In the present paper, numerical and experimental investigation have been undertaken into the buckling and post-buckling behavior of thin-walled cylindrical steel shells with varying thickness subjected to uniform external pressure. For the experimental study, four different cylindrical steel shell specimens with varying thickness were tested to collapse. For the post-buckling analysis of these structures, material and geometric nonlinear collapse analysis are carried out. To trace the equilibrium paths through limit points into the post-critical range, the ‘Arc-Length-Type Method’ has been used. In order to verify the accuracy and validity of the finite element modeling, the numerical results, obtained from nonlinear finite element collapse analyses, have been compared with the results of the experimental study.

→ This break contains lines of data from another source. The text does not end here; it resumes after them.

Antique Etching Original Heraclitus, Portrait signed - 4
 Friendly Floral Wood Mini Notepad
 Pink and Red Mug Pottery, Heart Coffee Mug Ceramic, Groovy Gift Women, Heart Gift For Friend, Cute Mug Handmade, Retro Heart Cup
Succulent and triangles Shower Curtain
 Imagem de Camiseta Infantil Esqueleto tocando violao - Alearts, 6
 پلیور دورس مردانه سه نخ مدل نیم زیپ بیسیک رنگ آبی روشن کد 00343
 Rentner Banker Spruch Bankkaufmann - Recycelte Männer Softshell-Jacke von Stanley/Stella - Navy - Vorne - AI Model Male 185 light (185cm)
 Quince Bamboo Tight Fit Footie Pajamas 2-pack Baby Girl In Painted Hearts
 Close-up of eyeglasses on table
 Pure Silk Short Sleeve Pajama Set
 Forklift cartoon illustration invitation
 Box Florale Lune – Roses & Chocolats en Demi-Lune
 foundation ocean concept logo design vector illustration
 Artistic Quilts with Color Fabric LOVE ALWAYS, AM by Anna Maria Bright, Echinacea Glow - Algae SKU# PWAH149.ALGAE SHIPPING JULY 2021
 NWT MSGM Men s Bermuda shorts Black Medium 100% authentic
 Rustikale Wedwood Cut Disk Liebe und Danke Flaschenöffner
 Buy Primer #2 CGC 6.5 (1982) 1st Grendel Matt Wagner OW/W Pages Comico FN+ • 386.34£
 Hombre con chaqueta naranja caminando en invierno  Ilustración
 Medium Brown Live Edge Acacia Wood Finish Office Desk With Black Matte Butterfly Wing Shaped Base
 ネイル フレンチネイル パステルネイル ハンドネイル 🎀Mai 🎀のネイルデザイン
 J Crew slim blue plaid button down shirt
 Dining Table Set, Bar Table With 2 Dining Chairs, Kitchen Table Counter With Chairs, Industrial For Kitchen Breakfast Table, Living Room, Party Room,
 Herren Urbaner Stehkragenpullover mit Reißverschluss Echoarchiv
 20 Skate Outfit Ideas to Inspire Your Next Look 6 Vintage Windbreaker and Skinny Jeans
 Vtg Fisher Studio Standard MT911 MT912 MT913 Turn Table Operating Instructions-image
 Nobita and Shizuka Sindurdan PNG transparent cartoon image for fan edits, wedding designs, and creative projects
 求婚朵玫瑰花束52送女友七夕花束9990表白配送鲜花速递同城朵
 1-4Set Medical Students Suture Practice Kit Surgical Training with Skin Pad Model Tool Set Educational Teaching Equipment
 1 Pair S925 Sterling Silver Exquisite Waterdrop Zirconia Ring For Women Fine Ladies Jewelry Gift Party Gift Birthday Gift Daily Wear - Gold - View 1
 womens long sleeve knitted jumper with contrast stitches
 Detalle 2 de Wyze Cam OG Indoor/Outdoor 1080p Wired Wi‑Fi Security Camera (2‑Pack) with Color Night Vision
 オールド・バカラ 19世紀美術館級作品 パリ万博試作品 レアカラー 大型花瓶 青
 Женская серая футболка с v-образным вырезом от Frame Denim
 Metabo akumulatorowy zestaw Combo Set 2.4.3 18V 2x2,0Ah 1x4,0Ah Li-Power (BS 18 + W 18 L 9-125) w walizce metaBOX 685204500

The study shows that the theoretical behavior predicted by the nonlinear finite element collapse analyses followed closely the experimental behavior. Consequently, it has been found that the finite element model is reliable enough to be used to undertake nonlinear analyses for investigation into the buckling and post-buckling behavior of thin-walled cylindrical steel shells with varying thickness. Also it has been found that the buckling mode can be generated in whole length of the shell if the thickness variation is low. However, in the case of high variation of thickness, the buckling mode is formed in thinner part only. Also, the considerable effects of circumferential and vertical weld line on the buckling strength and mode shapes are verified.